# Coercing Strings Lab

### Introduction

In this lesson, let's practice working with string data in Python.  We'll do so by looking at the Yelp reviews for Max's Wine Bar in Texas.

### Loading The Data

We start by loading up the data, and then selecting the text from the reviews.

In [1]:
import pandas as pd
url = "https://raw.githubusercontent.com/eng-6-22/mod-1-a-data-structures/master/5-coercing-strings/updated-reviews.json"
df = pd.read_json(url)

In [2]:
reviews = list(df.text)

In [3]:
reviews[:2]

['Chicken and waffles are bombomski!!!! So yum 100% recommend. Outdoor area is good! Will be back.',
 "This place holds great memories for me and my family.... \xa0It was one of the last outtings with my mother.... Now it's closed down! The food was really good and it was a great ambience with the diverse crowd that was out. \xa0We had a table for about 20 or so for our guest. Our waitress did not miss a beat! \xa0She was able to get everyone's order and come back to make sure we were taken care of. \xa0Top Notch! \xa0Max hit the spot of providing a little of something for everyone from the menu. \xa0The cocktails were also really good with a nice kick! The comfort food hit the spot for me.... \xa0I was really loving the greens and fried chicken. Now when I added the waffles to the dish it makes the perfect combination. They had no problem with splitting the bill with such a large crowd. Everyone had a nice time and enjoyed the occasion as well as food...."]

### Finding and Counting

Let's start by practicing with the `find` method in Python.  We'll start by selecting the seventh review. 

In [4]:
seventh_review = reviews[6]
seventh_review[:30]

'The friend chicken here is del'

Now imagine that we want to write a method that selects characters before and after the word chicken to see what it is often associated with.
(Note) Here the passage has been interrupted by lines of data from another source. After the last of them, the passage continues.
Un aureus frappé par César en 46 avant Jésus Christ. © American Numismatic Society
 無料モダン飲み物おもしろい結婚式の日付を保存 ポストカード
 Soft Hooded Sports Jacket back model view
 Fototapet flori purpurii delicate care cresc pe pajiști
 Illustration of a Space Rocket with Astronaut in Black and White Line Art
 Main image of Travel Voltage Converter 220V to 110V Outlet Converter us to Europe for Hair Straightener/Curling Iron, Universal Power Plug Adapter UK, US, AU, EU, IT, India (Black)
> Begin by finding the index of the string in the `seventh_review` where the word `'chicken'` begins.

In [5]:
char_chicken = seventh_review.find('chicken')
# 11

Next, write a method that selects ten characters before the word chicken and after the word chicken.  

In [6]:
def select_text(review):
    idx = review.find('chicken')
    return review[idx-10:idx+10+7]

In [7]:
select_text(seventh_review)
# 'he friend chicken here is d'

'he friend chicken here is d'

Now write a method that can take any string and word as an argument and return ten characters before and after that word.

In [8]:
def select_text_around(review, word):
    idx = review.find(word)
    return review[idx-10:idx+10+len(word)]

In [9]:
select_text_around(seventh_review, 'fried')
# 'e classic fried chicken, '

'e classic fried chicken, '

2. Using Count

Next, let's write a function that counts up the number of exclamation points in a review.

> Do so with the `count` method.

In [10]:
def count_exclamations(review):
    return review.count('!')

In [11]:
first_review = reviews[0]
count_exclamations(first_review)
# 5

5

There are other ways to do this.  For example, note that we can iterate through the characters of a string.

> See this by uncommenting and executing the cell below.

In [12]:
# [char for char in first_review]

So use list comprehension to count up the number of exclamation points in a string.

In [13]:
def count_exclamations(review):
    return sum([1 for c in review if c == '!'])

In [14]:
def count_exclamations(review):
    return len([c for c in reviews if c == '!'])

In [15]:
count_exclamations(first_review)

0

### Back to Split

Let's return to our method where we found the text that surrounds the word  `chicken` using the find method.  Now another way that we could do this is by splitting the review by word, and then selecting the words before and after the specified word in a review.  

> To do this, we'll need a way to find the `index` where our word is located, so look at:

* `enumerate` in Python
* using `range()` to iterate through a list

In [16]:
def review_word(review, selected_word):
    results = []
    split_review = review.split(' ')

    for i, word in enumerate(split_review):
    if word == selected_word:
        results.append(' '.join([split_review[i-1], split_review[i], split_review[i+1]]))
    return results

In [18]:
chosen_review

"Service was slow even though the place wasn't crowded. I ordered the chicken and waffles. The waffle was cold with no butter the chicken was good but I had to ask for syrup. I think the dish was over priced as well 18$ for a waffle and three chicken wings. Luckily I got a Groupon deal on the meal the total for our table would have been 65$ without the deal. The only way I would eat here again is through Groupon def not worth full price."

In [17]:
chosen_review = reviews[13]
review_word(chosen_review, "was")
# ['Service was slow',
#  'The waffle was cold',
#  'the chicken was good',
#  'the dish was over']

['Service was slow', 'waffle was cold', 'chicken was good', 'dish was over']

> The above is hard so please split it into steps and try to make progress.